▶ [YOUR INSTRUCTIONS]
Using the listing below, copy exactly each line from the one that has "High Back Rocking" through the one that has "Kaartsjabloon buffet geperste"; omit the pictures.

▶ [SOURCE INFORMATION]
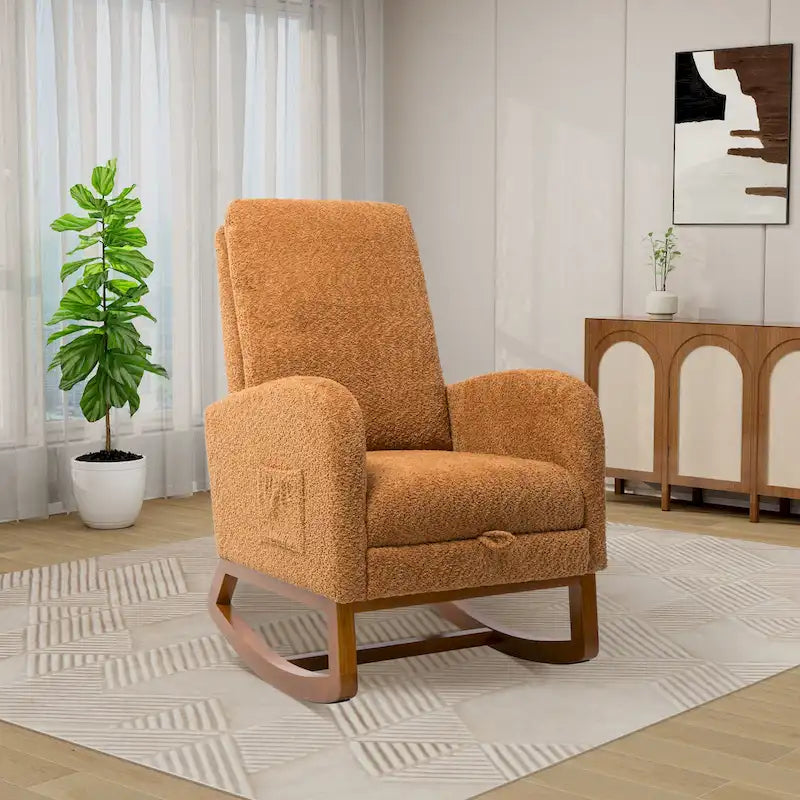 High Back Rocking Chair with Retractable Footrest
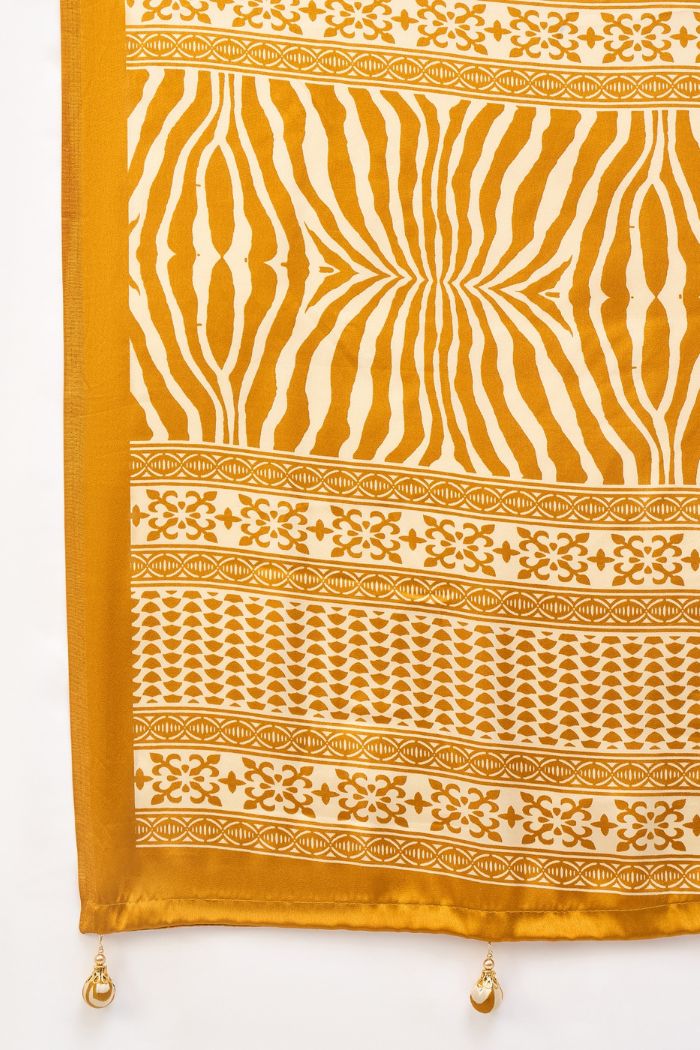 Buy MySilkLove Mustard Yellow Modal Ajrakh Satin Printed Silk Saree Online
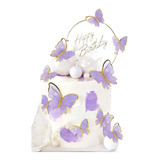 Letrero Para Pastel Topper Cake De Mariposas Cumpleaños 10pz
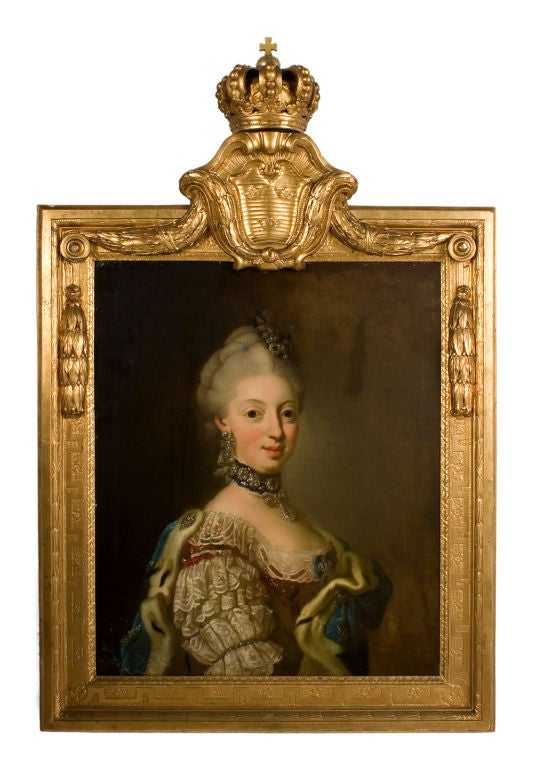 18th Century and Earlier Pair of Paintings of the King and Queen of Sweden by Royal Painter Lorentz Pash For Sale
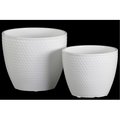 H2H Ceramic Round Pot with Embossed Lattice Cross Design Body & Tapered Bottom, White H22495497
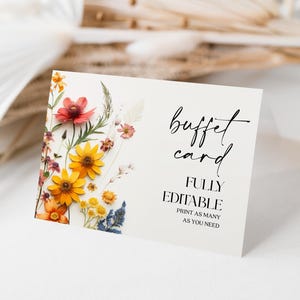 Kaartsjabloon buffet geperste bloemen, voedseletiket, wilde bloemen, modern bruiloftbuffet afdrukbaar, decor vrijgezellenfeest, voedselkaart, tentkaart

--

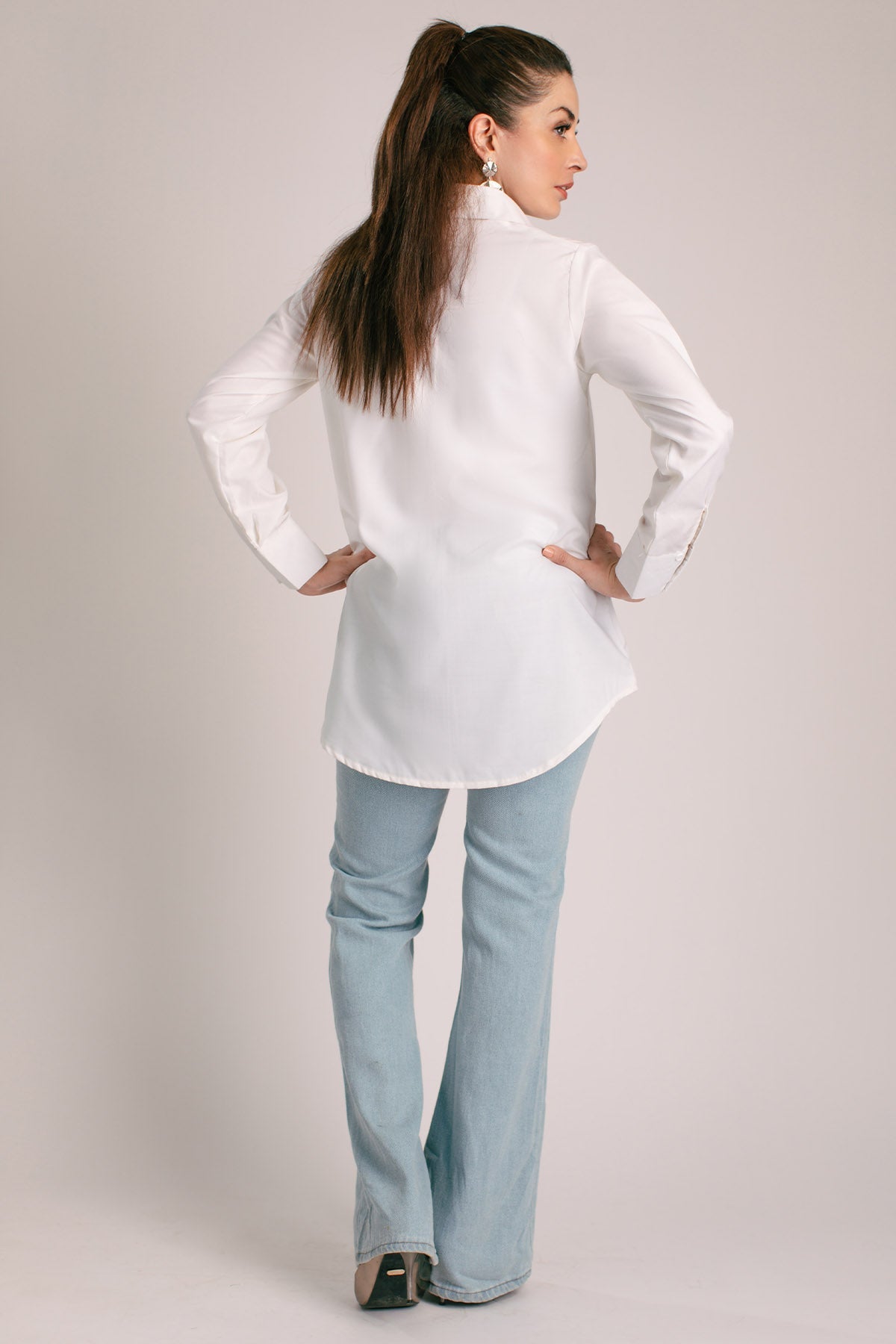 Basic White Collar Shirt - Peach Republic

---

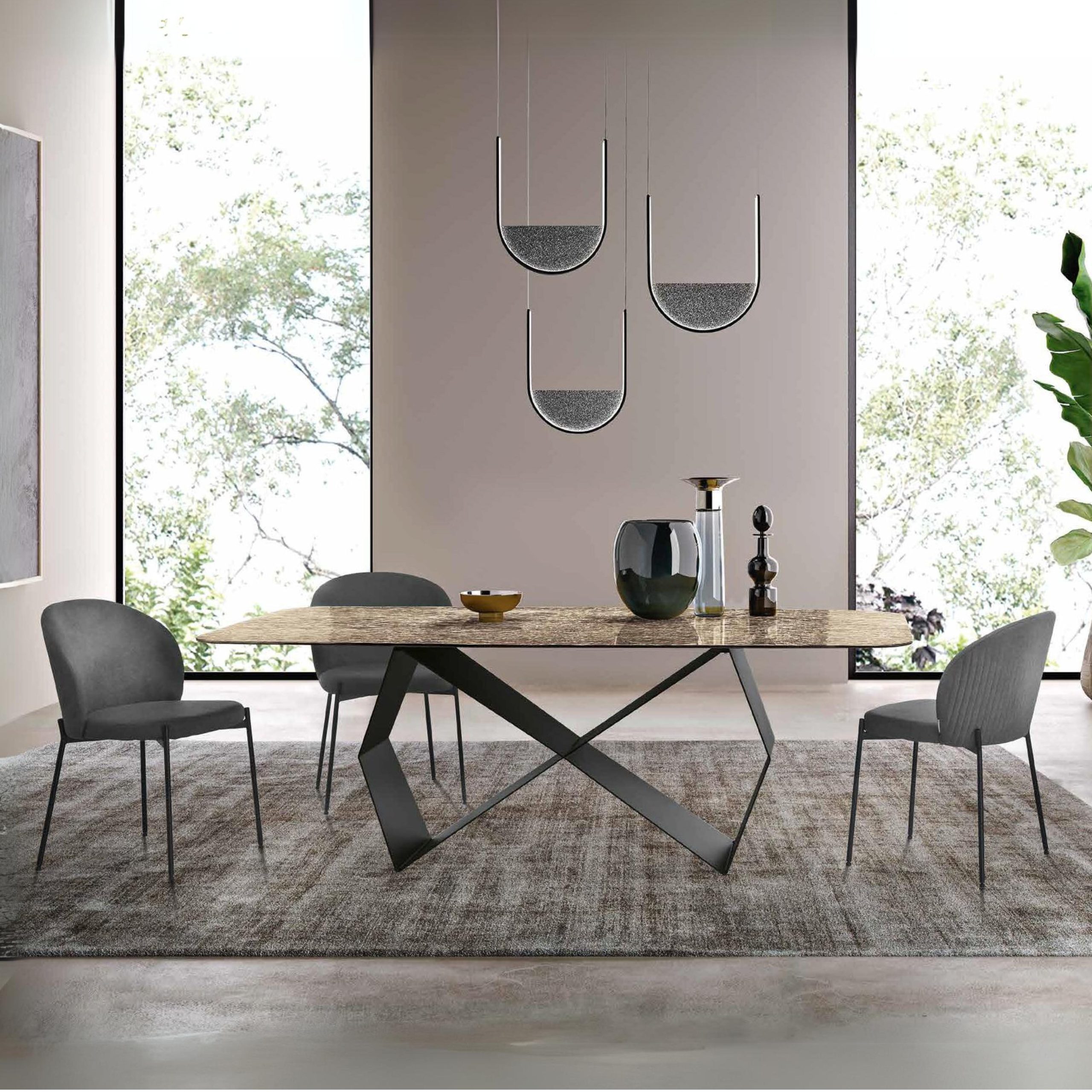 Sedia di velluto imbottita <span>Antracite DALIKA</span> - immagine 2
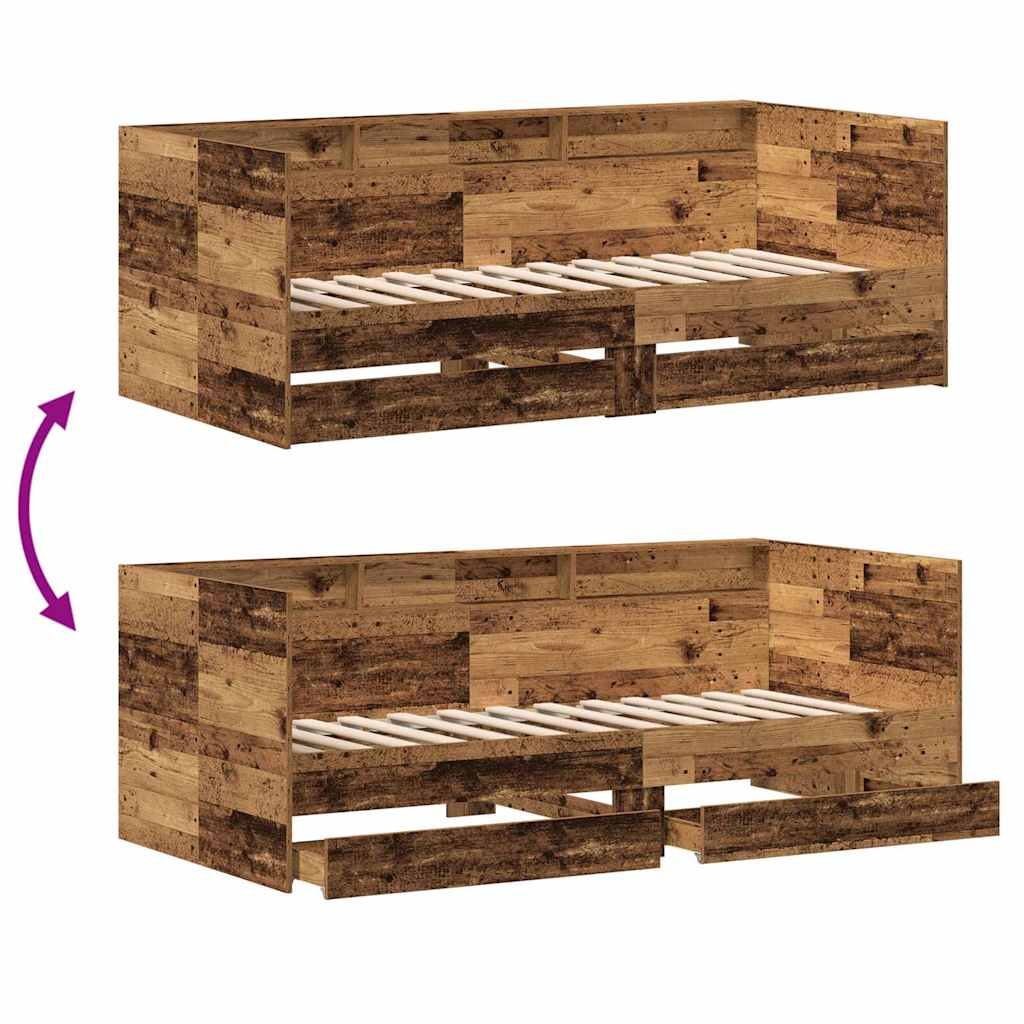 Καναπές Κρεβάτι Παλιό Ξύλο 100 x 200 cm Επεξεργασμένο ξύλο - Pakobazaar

▶ [ANSWER TO THE EXERCISE]
 High Back Rocking Chair with Retractable Footrest
 Buy MySilkLove Mustard Yellow Modal Ajrakh Satin Printed Silk Saree Online
 Letrero Para Pastel Topper Cake De Mariposas Cumpleaños 10pz
 18th Century and Earlier Pair of Paintings of the King and Queen of Sweden by Royal Painter Lorentz Pash For Sale
 H2H Ceramic Round Pot with Embossed Lattice Cross Design Body & Tapered Bottom, White H22495497
 Kaartsjabloon buffet geperste bloemen, voedseletiket, wilde bloemen, modern bruiloftbuffet afdrukbaar, decor vrijgezellenfeest, voedselkaart, tentkaart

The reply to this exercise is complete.